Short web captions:

◆ ◆ ◆ ◆ ◆ ◆ ◆

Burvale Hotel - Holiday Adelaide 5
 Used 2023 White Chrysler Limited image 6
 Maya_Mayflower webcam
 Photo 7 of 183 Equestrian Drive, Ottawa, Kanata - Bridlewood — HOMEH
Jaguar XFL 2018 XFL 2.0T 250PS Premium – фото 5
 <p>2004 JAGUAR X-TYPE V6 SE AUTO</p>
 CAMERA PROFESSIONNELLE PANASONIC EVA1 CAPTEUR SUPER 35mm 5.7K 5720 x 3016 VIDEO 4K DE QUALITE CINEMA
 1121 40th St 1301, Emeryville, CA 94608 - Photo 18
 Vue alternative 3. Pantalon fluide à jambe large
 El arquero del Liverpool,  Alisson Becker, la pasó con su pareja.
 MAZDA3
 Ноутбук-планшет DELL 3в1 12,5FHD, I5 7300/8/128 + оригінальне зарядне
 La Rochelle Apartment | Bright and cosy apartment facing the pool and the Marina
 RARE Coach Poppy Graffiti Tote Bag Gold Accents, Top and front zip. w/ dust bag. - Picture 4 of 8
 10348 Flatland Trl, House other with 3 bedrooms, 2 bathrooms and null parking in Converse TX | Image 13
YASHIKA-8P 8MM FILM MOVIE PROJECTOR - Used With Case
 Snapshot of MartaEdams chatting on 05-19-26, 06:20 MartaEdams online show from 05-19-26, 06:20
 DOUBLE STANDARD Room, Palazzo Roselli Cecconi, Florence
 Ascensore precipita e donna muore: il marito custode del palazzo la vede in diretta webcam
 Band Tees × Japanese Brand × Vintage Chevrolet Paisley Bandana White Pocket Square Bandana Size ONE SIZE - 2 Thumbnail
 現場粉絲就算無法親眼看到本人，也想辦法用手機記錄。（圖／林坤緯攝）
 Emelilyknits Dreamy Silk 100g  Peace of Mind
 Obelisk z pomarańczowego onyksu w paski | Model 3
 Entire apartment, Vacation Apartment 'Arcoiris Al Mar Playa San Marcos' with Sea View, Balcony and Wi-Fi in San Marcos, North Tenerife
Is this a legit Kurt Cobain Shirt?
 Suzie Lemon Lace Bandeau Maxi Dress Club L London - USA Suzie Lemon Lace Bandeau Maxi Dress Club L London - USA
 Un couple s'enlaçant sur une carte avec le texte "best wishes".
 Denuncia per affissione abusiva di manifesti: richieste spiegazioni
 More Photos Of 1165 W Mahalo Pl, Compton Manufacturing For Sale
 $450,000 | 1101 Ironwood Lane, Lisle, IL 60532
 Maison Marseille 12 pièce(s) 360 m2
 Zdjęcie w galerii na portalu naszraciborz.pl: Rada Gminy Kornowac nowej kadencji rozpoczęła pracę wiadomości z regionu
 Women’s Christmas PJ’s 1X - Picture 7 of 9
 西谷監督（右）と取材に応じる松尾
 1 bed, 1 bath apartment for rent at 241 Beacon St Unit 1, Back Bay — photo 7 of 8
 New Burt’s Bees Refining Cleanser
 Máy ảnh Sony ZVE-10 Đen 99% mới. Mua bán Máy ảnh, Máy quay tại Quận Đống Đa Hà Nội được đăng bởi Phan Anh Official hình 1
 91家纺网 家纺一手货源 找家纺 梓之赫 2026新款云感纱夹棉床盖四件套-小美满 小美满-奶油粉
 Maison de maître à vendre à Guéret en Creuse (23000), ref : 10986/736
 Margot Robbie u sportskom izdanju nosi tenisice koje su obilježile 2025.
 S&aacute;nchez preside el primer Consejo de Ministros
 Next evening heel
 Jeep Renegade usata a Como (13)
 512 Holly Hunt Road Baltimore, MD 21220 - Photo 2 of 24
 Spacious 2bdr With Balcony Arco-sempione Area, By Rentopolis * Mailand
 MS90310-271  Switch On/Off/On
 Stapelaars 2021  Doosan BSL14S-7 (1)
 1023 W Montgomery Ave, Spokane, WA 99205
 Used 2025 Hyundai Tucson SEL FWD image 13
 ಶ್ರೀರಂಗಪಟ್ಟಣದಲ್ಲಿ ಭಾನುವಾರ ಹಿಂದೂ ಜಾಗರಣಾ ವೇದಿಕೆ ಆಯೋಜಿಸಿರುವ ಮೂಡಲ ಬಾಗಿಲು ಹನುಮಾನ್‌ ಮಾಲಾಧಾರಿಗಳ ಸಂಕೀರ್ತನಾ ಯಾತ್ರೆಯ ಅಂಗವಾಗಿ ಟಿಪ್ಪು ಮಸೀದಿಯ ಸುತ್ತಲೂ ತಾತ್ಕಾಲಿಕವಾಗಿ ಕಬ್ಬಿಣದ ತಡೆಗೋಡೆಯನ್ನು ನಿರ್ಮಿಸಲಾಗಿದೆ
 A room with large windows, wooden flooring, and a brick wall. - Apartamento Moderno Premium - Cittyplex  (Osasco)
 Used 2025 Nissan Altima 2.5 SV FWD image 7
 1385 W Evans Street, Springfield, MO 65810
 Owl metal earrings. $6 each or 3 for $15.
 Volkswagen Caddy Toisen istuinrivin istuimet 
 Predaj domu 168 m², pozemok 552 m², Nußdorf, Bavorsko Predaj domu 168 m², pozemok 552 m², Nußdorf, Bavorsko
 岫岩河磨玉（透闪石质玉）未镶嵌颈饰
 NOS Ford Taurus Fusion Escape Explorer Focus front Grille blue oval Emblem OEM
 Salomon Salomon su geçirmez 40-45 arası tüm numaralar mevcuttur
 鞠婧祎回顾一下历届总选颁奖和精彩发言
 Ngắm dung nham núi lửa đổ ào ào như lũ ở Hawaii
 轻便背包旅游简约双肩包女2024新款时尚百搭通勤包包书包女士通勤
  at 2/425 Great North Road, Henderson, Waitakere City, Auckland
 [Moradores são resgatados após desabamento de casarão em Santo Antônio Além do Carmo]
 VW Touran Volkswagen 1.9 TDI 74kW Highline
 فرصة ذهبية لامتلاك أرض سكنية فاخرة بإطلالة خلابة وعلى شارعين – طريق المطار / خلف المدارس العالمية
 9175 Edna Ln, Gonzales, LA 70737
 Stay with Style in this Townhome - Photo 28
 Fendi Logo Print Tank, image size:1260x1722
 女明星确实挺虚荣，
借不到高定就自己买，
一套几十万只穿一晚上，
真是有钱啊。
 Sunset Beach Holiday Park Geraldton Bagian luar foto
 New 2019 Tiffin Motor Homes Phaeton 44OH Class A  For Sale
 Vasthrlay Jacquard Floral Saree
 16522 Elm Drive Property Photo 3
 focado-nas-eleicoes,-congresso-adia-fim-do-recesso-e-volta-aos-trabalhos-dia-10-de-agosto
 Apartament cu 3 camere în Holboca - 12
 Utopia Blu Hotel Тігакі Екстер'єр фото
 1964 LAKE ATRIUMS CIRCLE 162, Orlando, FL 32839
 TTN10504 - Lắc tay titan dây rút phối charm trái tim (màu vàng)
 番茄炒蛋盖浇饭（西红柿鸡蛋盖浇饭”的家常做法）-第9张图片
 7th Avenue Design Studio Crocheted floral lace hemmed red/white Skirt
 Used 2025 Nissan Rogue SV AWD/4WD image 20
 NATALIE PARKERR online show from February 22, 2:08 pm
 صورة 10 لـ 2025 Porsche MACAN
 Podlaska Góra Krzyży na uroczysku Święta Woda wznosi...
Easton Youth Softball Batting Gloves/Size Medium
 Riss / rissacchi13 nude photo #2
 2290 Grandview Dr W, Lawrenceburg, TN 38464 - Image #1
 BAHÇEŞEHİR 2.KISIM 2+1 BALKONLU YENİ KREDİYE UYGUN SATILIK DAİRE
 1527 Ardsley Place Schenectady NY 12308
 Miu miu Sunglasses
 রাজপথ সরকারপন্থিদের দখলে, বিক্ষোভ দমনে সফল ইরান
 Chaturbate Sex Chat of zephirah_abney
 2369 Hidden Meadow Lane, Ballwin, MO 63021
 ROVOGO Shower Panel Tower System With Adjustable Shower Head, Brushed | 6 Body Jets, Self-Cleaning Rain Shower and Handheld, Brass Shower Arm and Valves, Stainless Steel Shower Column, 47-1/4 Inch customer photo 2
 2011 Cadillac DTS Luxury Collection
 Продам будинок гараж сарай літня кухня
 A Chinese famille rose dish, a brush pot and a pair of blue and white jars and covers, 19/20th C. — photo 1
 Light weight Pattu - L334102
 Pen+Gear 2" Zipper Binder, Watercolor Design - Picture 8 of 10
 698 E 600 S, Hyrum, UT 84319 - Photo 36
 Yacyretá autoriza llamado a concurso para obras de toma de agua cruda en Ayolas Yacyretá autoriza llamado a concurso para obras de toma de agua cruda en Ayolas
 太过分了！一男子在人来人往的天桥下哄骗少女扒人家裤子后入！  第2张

◆ ◆ ◆ ◆ ◆ ◆ ◆

(What the task asks): Filter on the word "Nissan": copy each matching line from the entries above.

(Result of this task):
 Used 2025 Nissan Altima 2.5 SV FWD image 7
 Used 2025 Nissan Rogue SV AWD/4WD image 20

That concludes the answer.